The European Commission announced today its intention to come up with a proposal by the summer to allow more choice to Member States in deciding whether to cultivate GMO’s. Under the current legal framework, as decided by the Council and the European Parliament, the Commission adopted today two decisions concerning the Genetically Modified Amflora potato: the first authorises the cultivation of Amflora in the EU for industrial use, and the second relates to the use of Amflora’s starch by-products as feed. The European Commission also adopted today three decisions on the placing on the market of three GM maize products for food and feed uses but not for cultivation. All five authorisations were subjected to the highest scrutiny, ensuring all concerns regarding the presence of an antibiotic resistance marker gene are fully addressed. The Decision to authorise the cultivation of Amflora is the end of a process which started in Sweden in January 2003 and is based on a considerable volume of sound science.
Health and Consumer Policy Commissioner, John Dalli noted: “Responsible innovation will be my guiding principle when dealing with innovative technologies. After an extensive and thorough review of the five pending GM files, it became clear to me that there were no new scientific issues that merited further assessment. All scientific issues, particularly those concerning safety, had been fully addressed. Any delay would have simply been unjustified. By taking these decisions, the European Commission fulfils its role in a responsible manner. These decisions are based on a series of favourable safety assessments carried out over the years by the European Food Safety Authority (EFSA).In parallel we have today launched a reflection on how to combine a European authorization system with the freedom of Member Sates to decide on cultivation on GMO’s.”
In line with the political guidelines of President Barroso of September 2009, Commissioner Dalli has been asked to come forward with a proposal by the summer setting out how a Community authorisation system, based on science, can be combined with freedom for Member States to decide whether or not they wish to cultivate GM crops on their territory.

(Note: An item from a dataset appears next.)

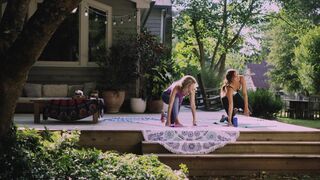 Tanya Clarke sexy, Lauren Swickard hot - Room For Murder (2018)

After a comprehensive authorisation procedure, which started in 2003, and repeated favourable scientific opinions, the Commission decided to authorise Amflora. This GM potato is to be used for the production of starch that is suitable for industrial applications (e.g. paper production). This innovative technology helps to optimise the production process and to save raw materials, energy, water and oil based chemicals.

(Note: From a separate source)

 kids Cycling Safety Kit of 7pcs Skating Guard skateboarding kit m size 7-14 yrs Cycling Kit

The decision provides for strict cultivation conditions to prevent the possibility that GM potatoes will remain in the fields after harvest and to ensure that Amflora’s seed will not be inadvertently disseminated into the wider environment. A complementary authorisation is taken in order to cover the by-products of the starch extraction when they are used as feed.
The European Commission also adopted today three decisions authorising GM maize MON863xMON810, MON863xNK603, MON863xMON810xNK603, for food and feed uses and import and processing.

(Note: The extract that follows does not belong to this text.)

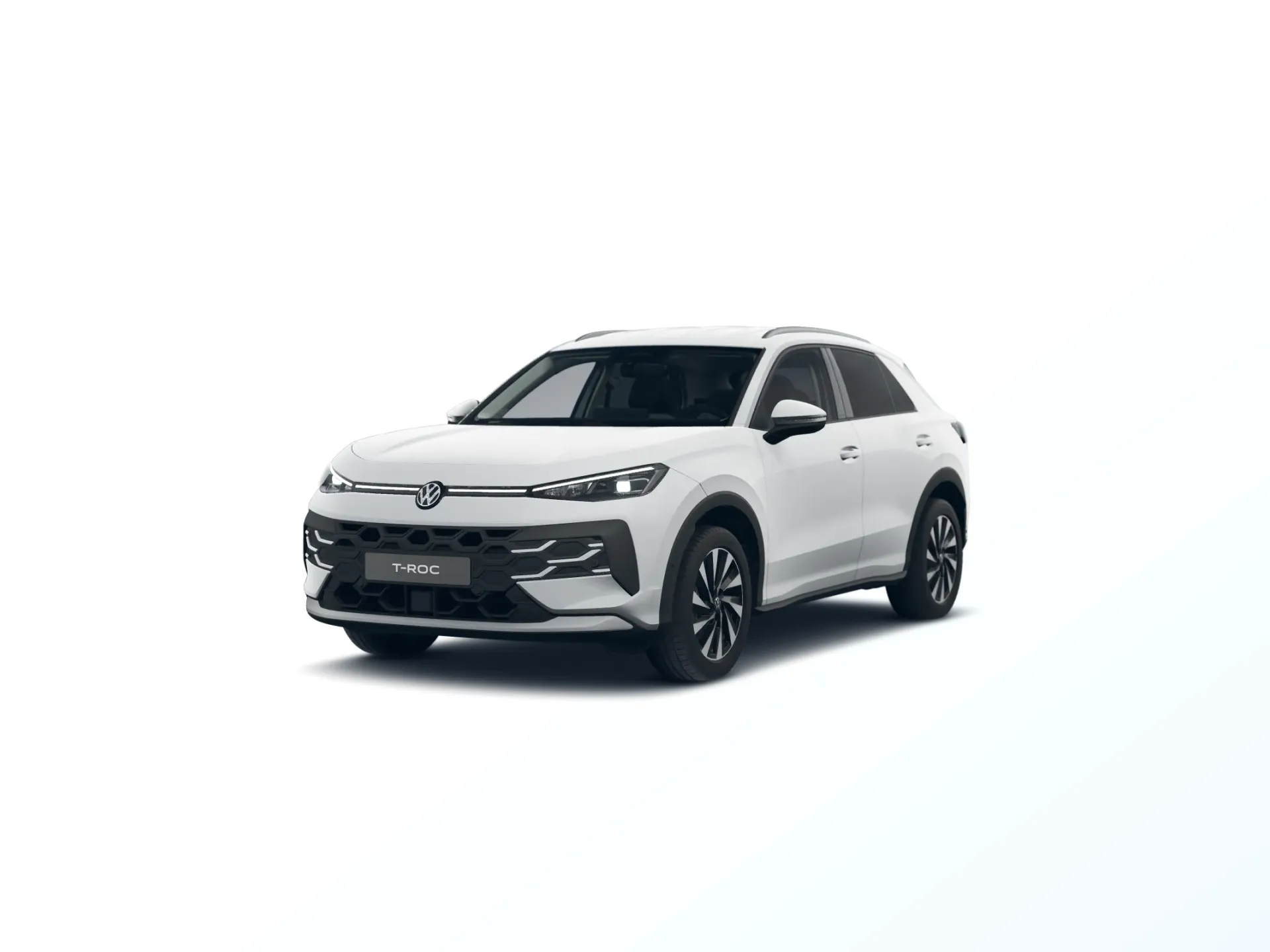 Nový T-Roc, Style, Bílá Pure, front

The three GM maize products received a positive opinion from EFSA and underwent the full authorisation procedure set out in the EU legislation. They are produced by conventional crossing of two or three GM maize – namely MON863, NK603 and MON810 – that are already authorised in the EU for food and feed uses and import and processing.
As Member States failed to return qualified majority decisions for or against these decisions in the Council, the dossiers were sent back to the Commission for decision.
The presence of an antibiotic resistance marker (ARM) gene in the GM starch potato and the three GM maize products was subject to the highest scrutiny. EFSA examined this issue and issued a separate favourable opinion on 11 June 2009. The authorisations are valid for 10 years.